EXERCISE AIM: Starting with the line that holds "Third, don't neglect", repeat each line through the last one below, exactly. Pictures stay out.

PROVIDED INFORMATION:
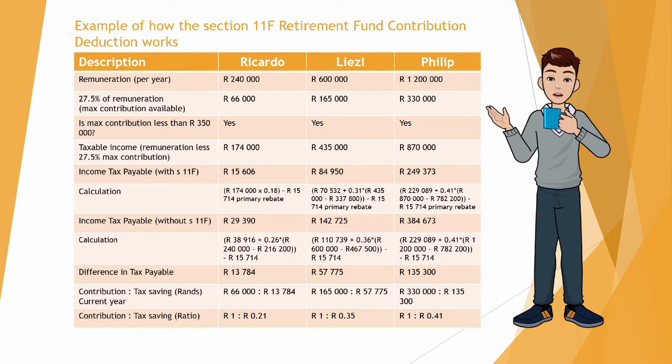Now we're going to work out what the income tax payable will be without Section 11f — in other words, if they did not contribute to their retirement fund during the year. Ricardo's income tax payable will be R29,390, Liesel's R142,725, and Philip's R384,673.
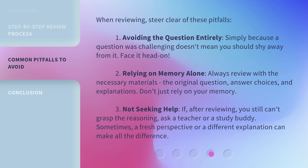Third, don't neglect seeking help. If, after reviewing, you still can't grasp the reasoning, ask a teacher or a study buddy. Sometimes a fresh perspective or a different explanation can make all the difference.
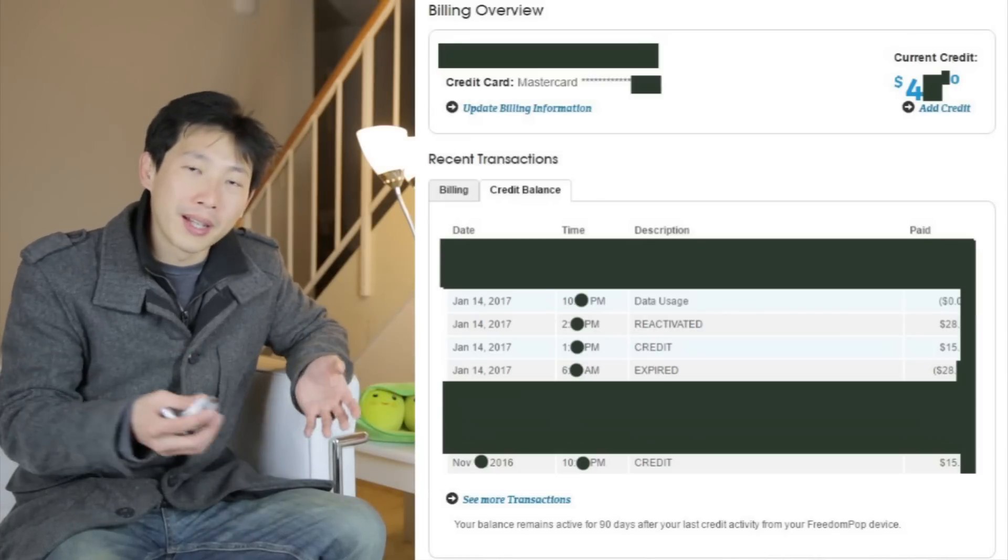I can be mobile and use it, plug it into a laptop and I get free data. In the beginning, as long as you don't go over your total limit, they're not going to charge you anything. They have this automatic top up thing. So it used to be if you have a credit of under $10, they would top it up another $10.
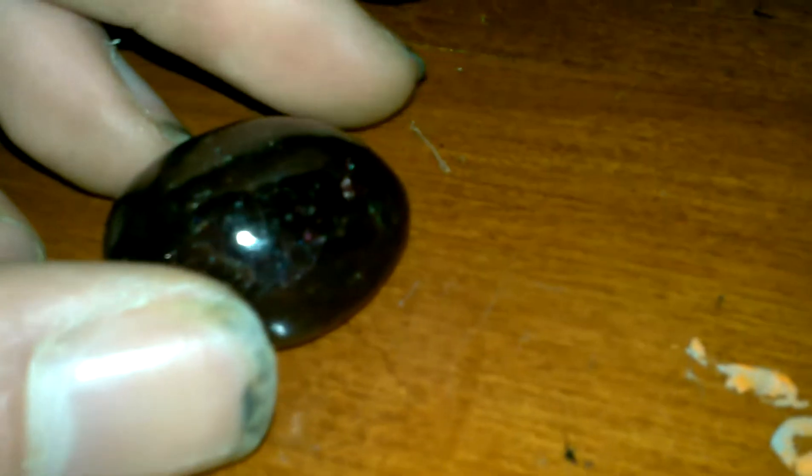Over here we got the more darker ones. Black tourmaline is good for rooting and sacral. Garnet is also good for rooting and sacral — really beautiful crystal with a reddish tone to it. That sparkly one is called onyx. I'm a Leo so onyx is a very big crystal for me.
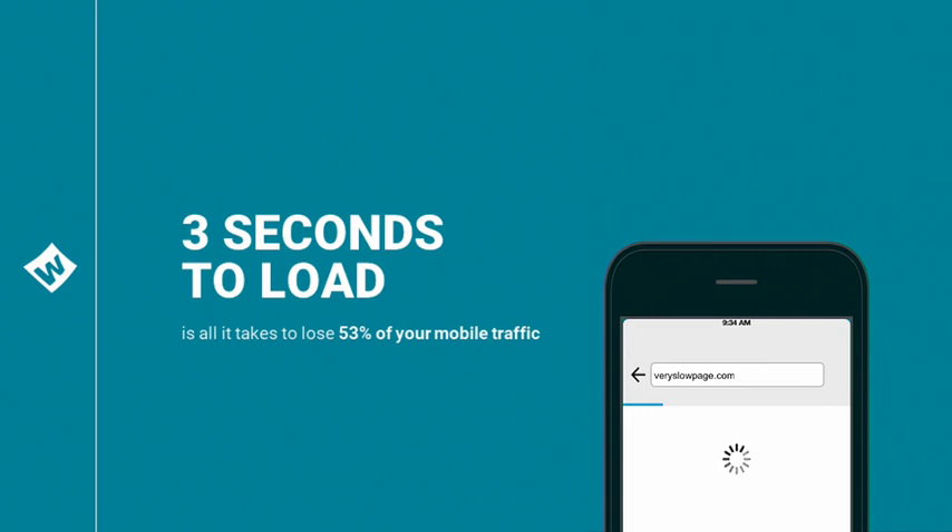We all know that speed on mobile is important. Even still, the average mobile webpage takes over 10 seconds to load. According to Google, this means that you'll lose over half your traffic. It's no wonder that mobile conversion rates lag behind desktop. It's difficult to design and develop for mobile — the responsive web is just not optimized for small screens, slow or intermittent network connections, and battery-powered CPUs.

SOLUTION TO THE PROBLEM:
Third, don't neglect seeking help. If, after reviewing, you still can't grasp the reasoning, ask a teacher or a study buddy. Sometimes a fresh perspective or a different explanation can make all the difference.
I can be mobile and use it, plug it into a laptop and I get free data. In the beginning, as long as you don't go over your total limit, they're not going to charge you anything. They have this automatic top up thing. So it used to be if you have a credit of under $10, they would top it up another $10.
Over here we got the more darker ones. Black tourmaline is good for rooting and sacral. Garnet is also good for rooting and sacral — really beautiful crystal with a reddish tone to it. That sparkly one is called onyx. I'm a Leo so onyx is a very big crystal for me.
We all know that speed on mobile is important. Even still, the average mobile webpage takes over 10 seconds to load. According to Google, this means that you'll lose over half your traffic. It's no wonder that mobile conversion rates lag behind desktop. It's difficult to design and develop for mobile — the responsive web is just not optimized for small screens, slow or intermittent network connections, and battery-powered CPUs.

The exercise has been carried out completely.